# [REQUIRED WORK]
From the first line of the listing below through the line with "Costway Wandspiegel mit", transcribe exactly and skip the pictures.

# [RECORDED INFORMATION]

....................

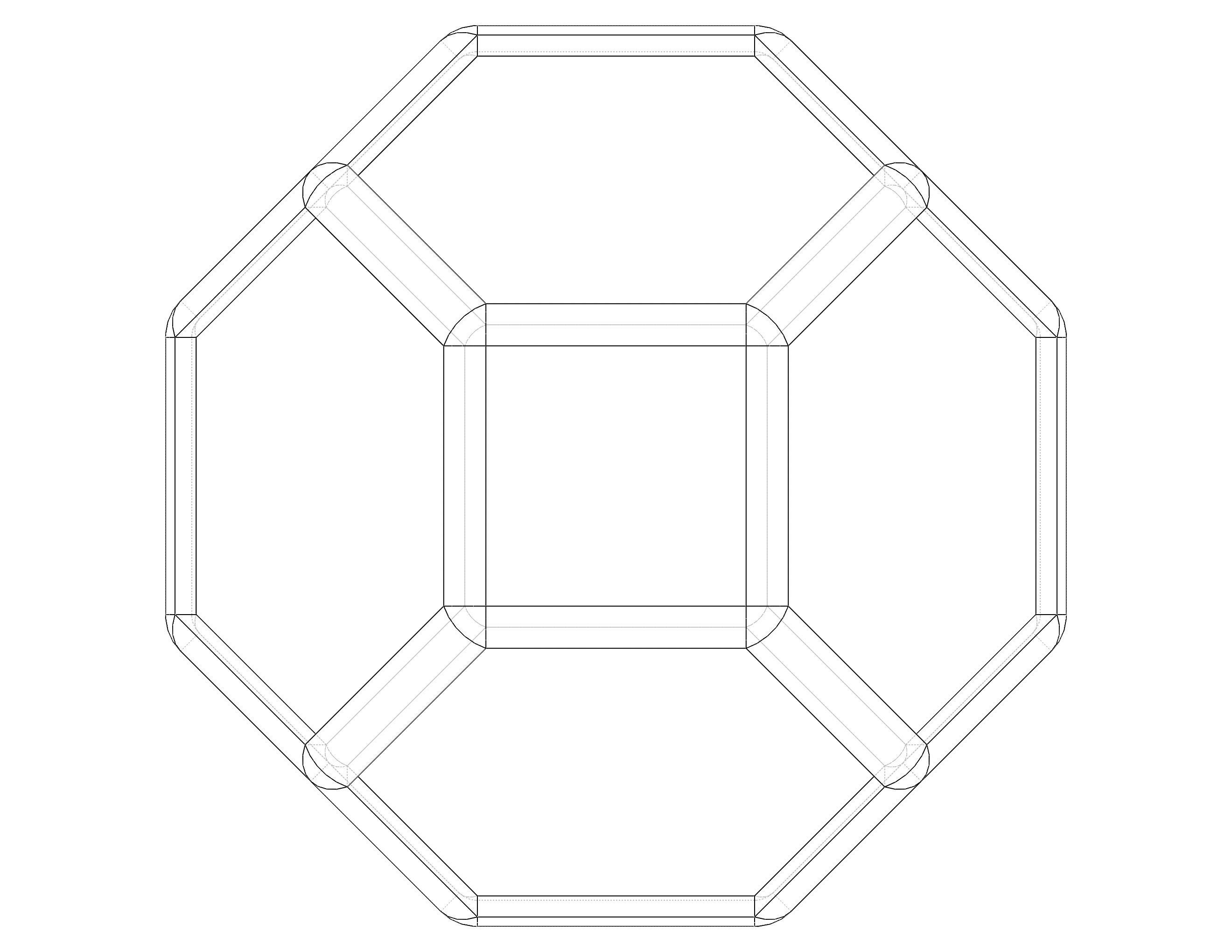 Wireframe Shape Tetradecahedron 3D print model_15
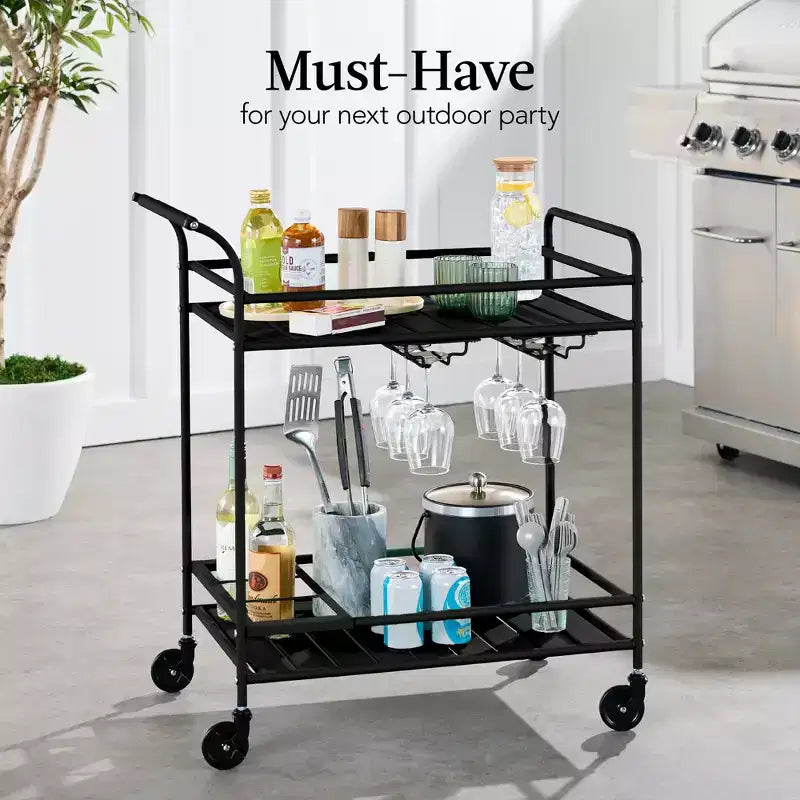 Chariot de bar roulant 2 niveaux Best Choice Products intérieur/extérieur avec étagères de rangement, casier à vin, roues verrouillables
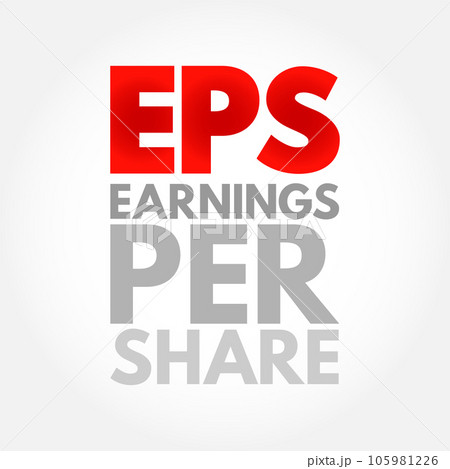 EPS Earnings Per Share - monetary value of earnings per outstanding share of common stock for a company, acronym text concept background 105981226
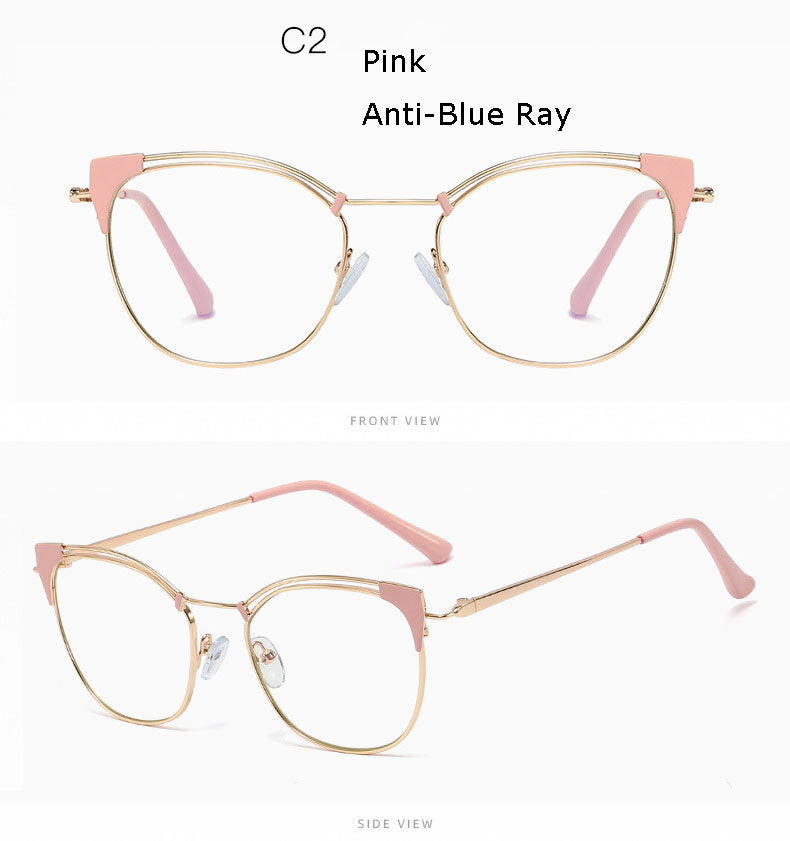 Hotony Unisex Full Rim Cat Eye Alloy Frame Eyeglasses L95537 Full Rim Hotony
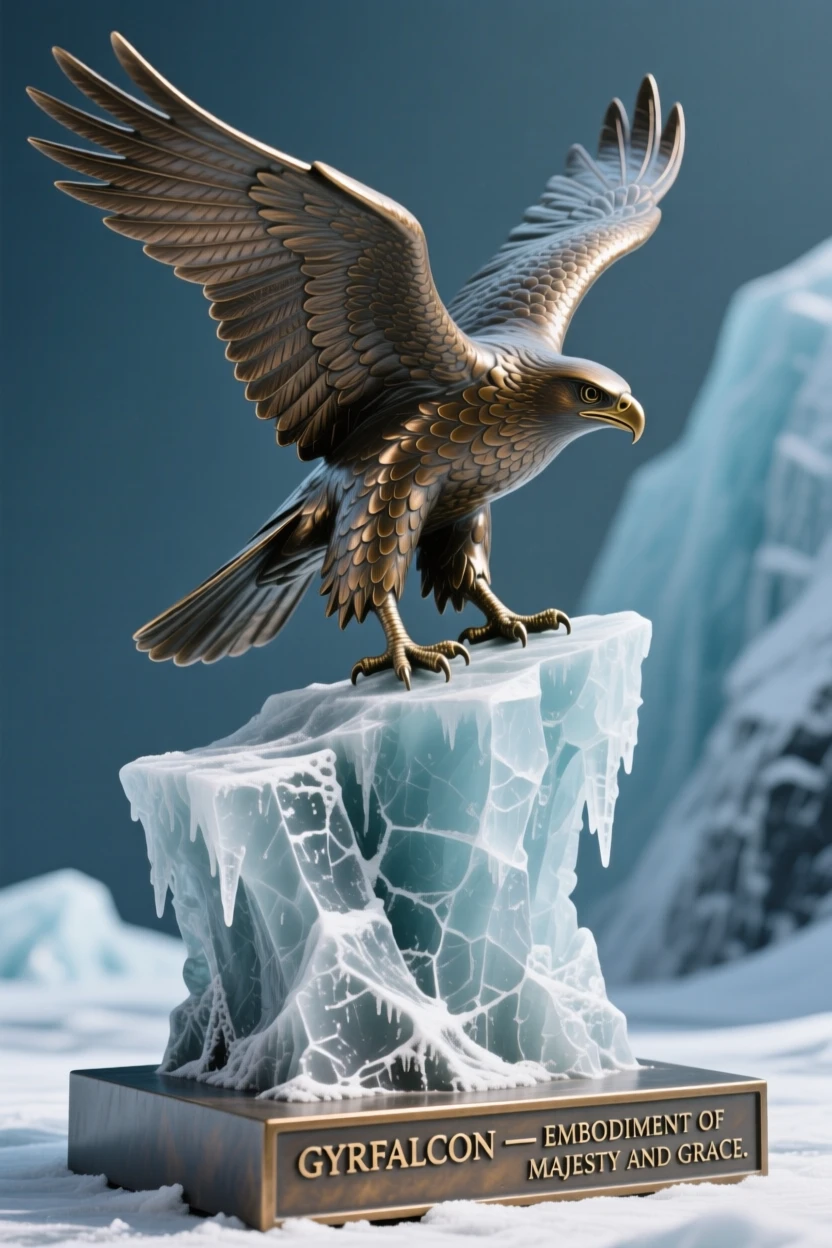 A majestic gyrfalcon perched on an icy cliff, captured mid-motion with powerful grace, evoking wonder and majesty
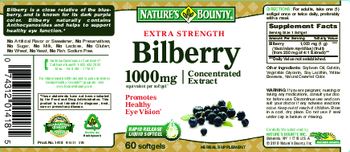 Nature's Bounty Extra Strength Bilberry 1000 mg - herbal supplement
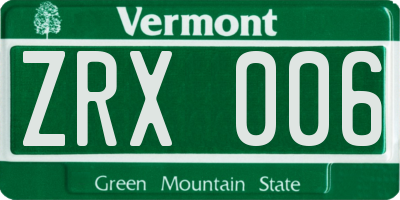 VT license plate ZRX006
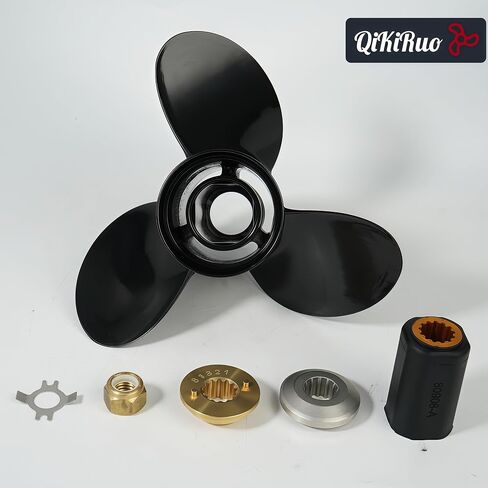 10 1/8x15 المروحة تناسب ميركوري 25/30/35/40/45/50/55/60/70/75hp، ترقية OEM 13 دعامة خارجية من الألومنيوم ذات الأسنان، RH، 48-73140A45 in Kuwait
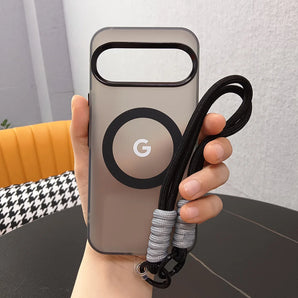 Wrist Lanyard Matte Candy Colored Magnetic Case For Google Pixel 9 8 Pro  XL 10a 9a 8a For Magsafe Charging PC Translucent Cover
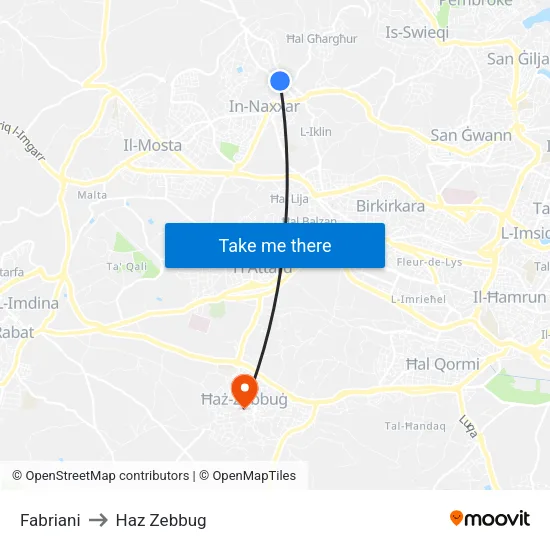 Fabriani to Haz Zebbug map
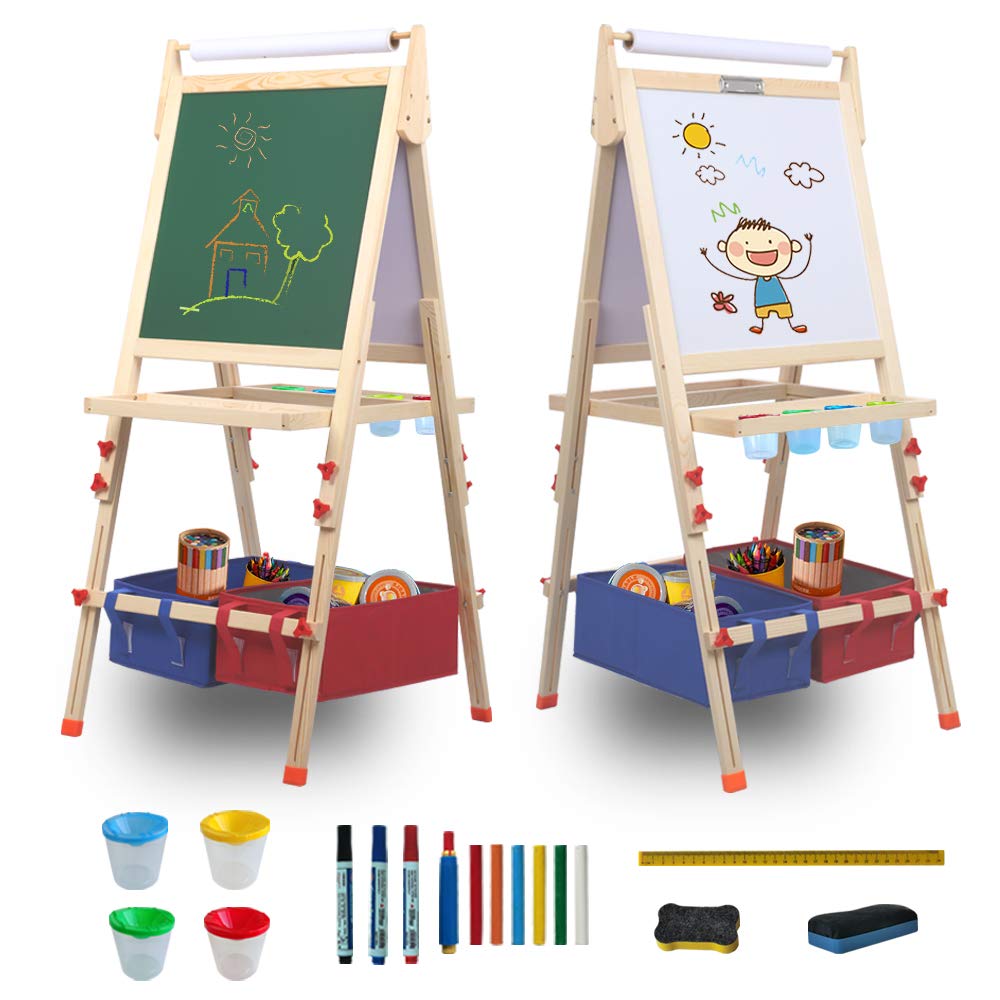 Art Easel for Kids,Standing Kid's Art Easel,Kids Easel with Magnetic Chalkboard & White Board,Kids Art Easel with Paper Roll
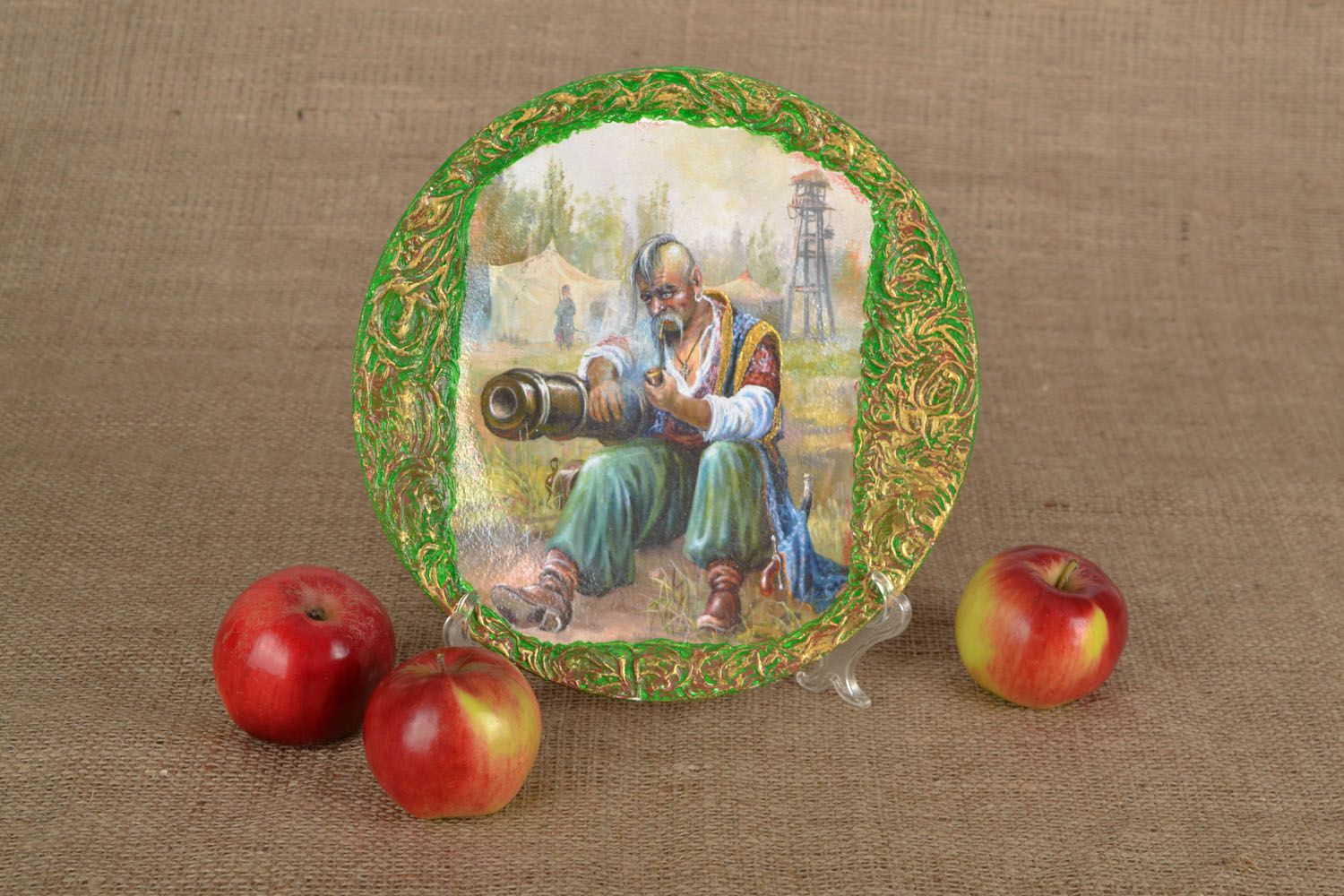 Homemade decorative plate Old Cossack photo 1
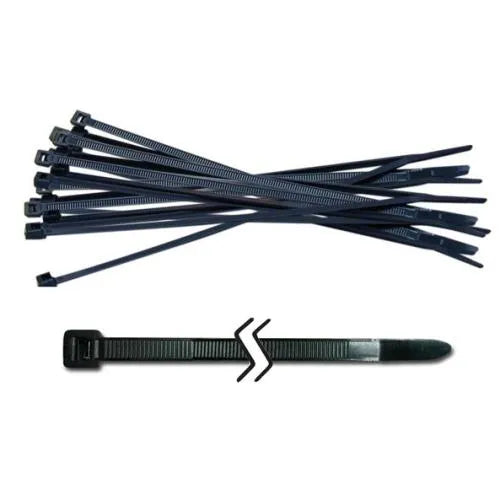 Black Nylon Cable Ties - 4.8mm x 300mm (100 Pieces) | Durable & UV Resistant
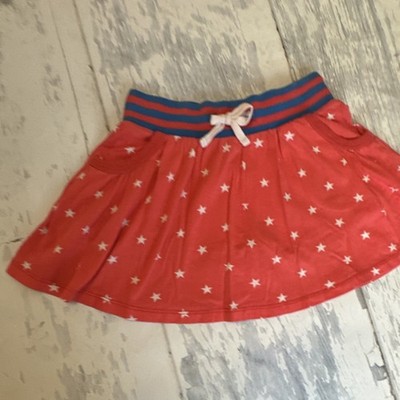 Mini Boden Girls A-Line Skirt 4-5Y Star Print Striped Waist Bow Pockets Red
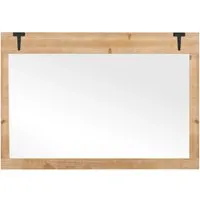 Costway Wandspiegel mit Holzrahmen 97 x 67 cm - Eleganter Wandspiegel mit natürlichem Holzrahmen für eine warme Atmosphäre. Ideal für Schminken und Kämmen, vielseitig montierbar und perfekt zur Wanddekoration.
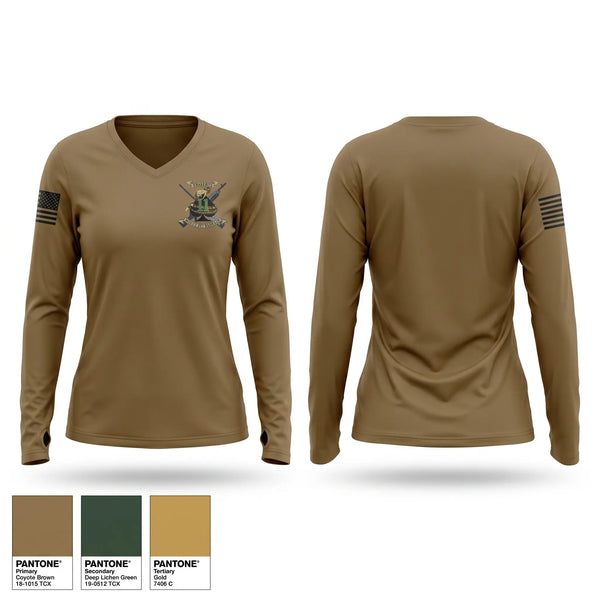 Womens Long Sleeve Vneck Shirt, MESG-2 DET BAH, Navy, Teamtime, Team time, sublimation, custom sports apparel, team uniforms, spirit wear, spiritwear, sports uniforms, custom shirts, team store, custom team store, fundraiser sports, apparel fundraiser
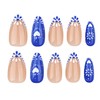 XZMeiLun Blue French Tips Press On Nails Short Almond, Flower
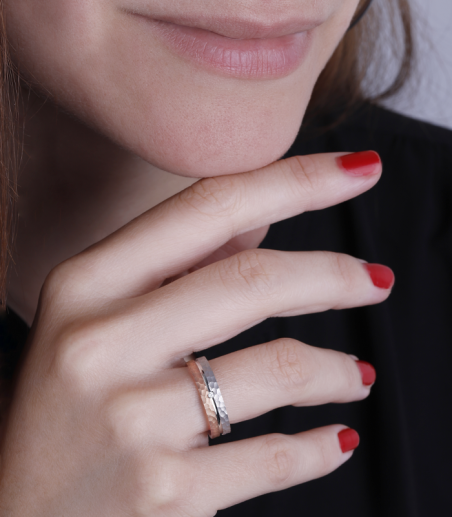 Alianza "Nexo" Oro bicolor 18k y diamante 3100181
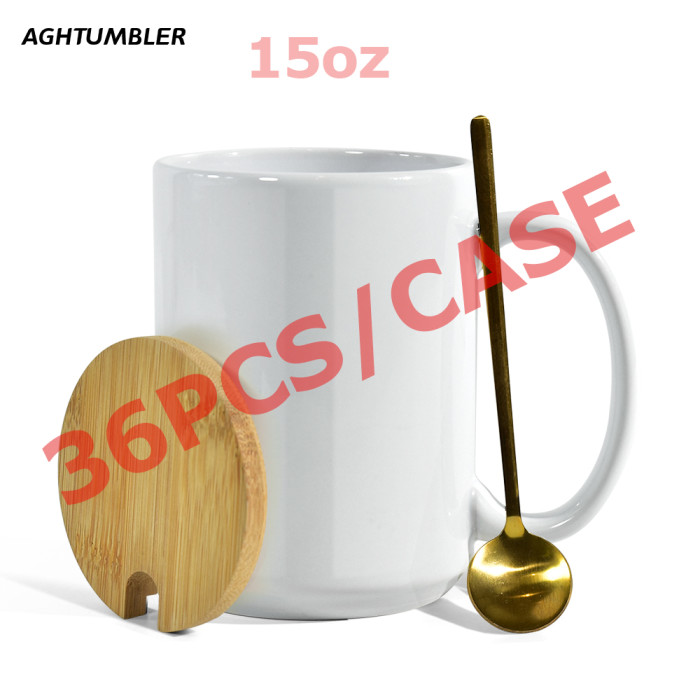 US Warehouse 15oz sublimation ceramic coffee mug with bamboo lids+Gold stainless steel spoon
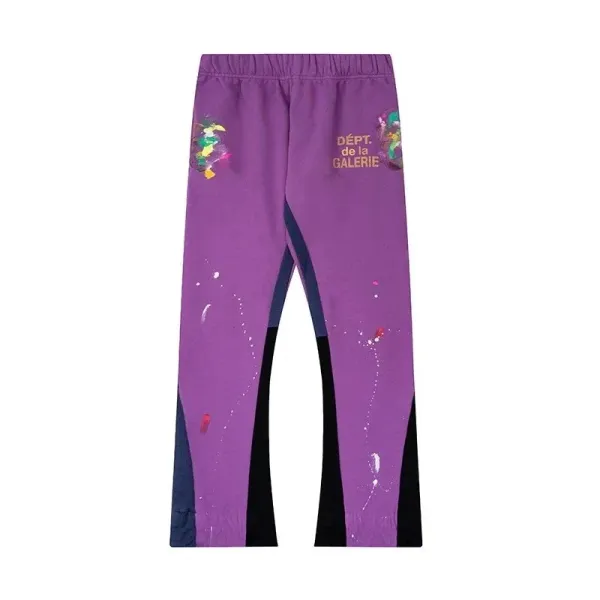 Dépt. de la Galerie Paint-Splatter Purple Sweatpants - 1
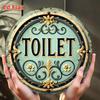 Retro Toilet Sign Metal Wall Art Gold Blue Green Decor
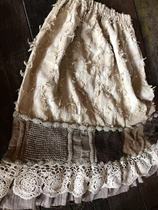 Sahara ~ Qianai original design sense stray style cotton splicing handmade wool skirt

....................

# [EXERCISE SOLUTION]
 Wireframe Shape Tetradecahedron 3D print model_15
 Chariot de bar roulant 2 niveaux Best Choice Products intérieur/extérieur avec étagères de rangement, casier à vin, roues verrouillables
 EPS Earnings Per Share - monetary value of earnings per outstanding share of common stock for a company, acronym text concept background 105981226
 Hotony Unisex Full Rim Cat Eye Alloy Frame Eyeglasses L95537 Full Rim Hotony
 A majestic gyrfalcon perched on an icy cliff, captured mid-motion with powerful grace, evoking wonder and majesty
 Nature's Bounty Extra Strength Bilberry 1000 mg - herbal supplement
 VT license plate ZRX006
 10 1/8x15 المروحة تناسب ميركوري 25/30/35/40/45/50/55/60/70/75hp، ترقية OEM 13 دعامة خارجية من الألومنيوم ذات الأسنان، RH، 48-73140A45 in Kuwait
 Wrist Lanyard Matte Candy Colored Magnetic Case For Google Pixel 9 8 Pro  XL 10a 9a 8a For Magsafe Charging PC Translucent Cover
 Fabriani to Haz Zebbug map
 Art Easel for Kids,Standing Kid's Art Easel,Kids Easel with Magnetic Chalkboard & White Board,Kids Art Easel with Paper Roll
 Homemade decorative plate Old Cossack photo 1
 Black Nylon Cable Ties - 4.8mm x 300mm (100 Pieces) | Durable & UV Resistant
 Mini Boden Girls A-Line Skirt 4-5Y Star Print Striped Waist Bow Pockets Red
 Costway Wandspiegel mit Holzrahmen 97 x 67 cm - Eleganter Wandspiegel mit natürlichem Holzrahmen für eine warme Atmosphäre. Ideal für Schminken und Kämmen, vielseitig montierbar und perfekt zur Wanddekoration.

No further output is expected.